Y ya en la preparación de esta reseña al estupendo concierto, pensé en las direcciones que marca el tiempo, muchas veces arbitrarias y opuestas a la voluntad humana. Dvoràk siempre consideró sus óperas como las cimas de su producción. Éstas, sin embargo, son raramente programadas. Bruch vivió ochenta y dos años y compuso más de cien obras (sinfonías, música de cámara, otros ocho conciertos de violín, cuatro de cello, canciones, y música coral). Sin embargo entró en la historia de la música con una obra publicada antes de cumplir los treinta años. Del resto, como de las óperas de Dvoràk, apenas escuchamos hoy en día nada.

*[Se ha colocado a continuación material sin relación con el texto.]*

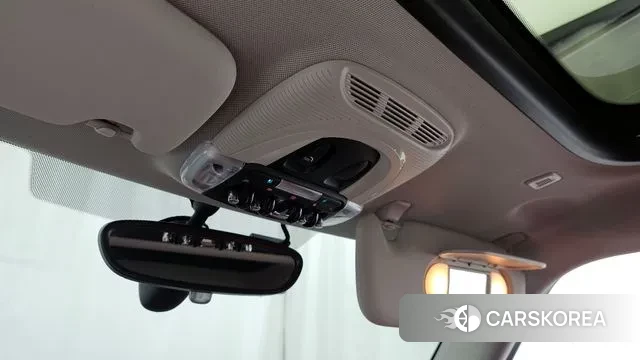 Mini Cooper S id 2981145 из Кореи 10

Pentagramas en silencio, apiñados en cartones con polvo o en archivos digitales. Música sin volumen. Pese a este imagen sombría, no hay rastro de tristeza en mis palabras. Ha comenzado el goce de una nueva temporada, y los pentagramas esperan la luz amarillenta sobre los atriles. Quinta temporada consecutiva con esa rutina feliz de los conciertos cada sábado, y en la que espero escuchar nuevas obras, y aprender cada día algo más sobre el mundo de la música. Al igual que cualquier mundo en el que uno se introduce, la música nunca tiene final, como si alguien le diera patadas al horizonte, que es una doble barra. Quinta temporada y el deseo idéntico de que la música me siga emocionando y, tocado por ella, poder luego transmitir a las teclas de un ordenador su placer inexplicable. La Orquesta y la programación confeccionada son aliados seguros para prolongar este sentimiento.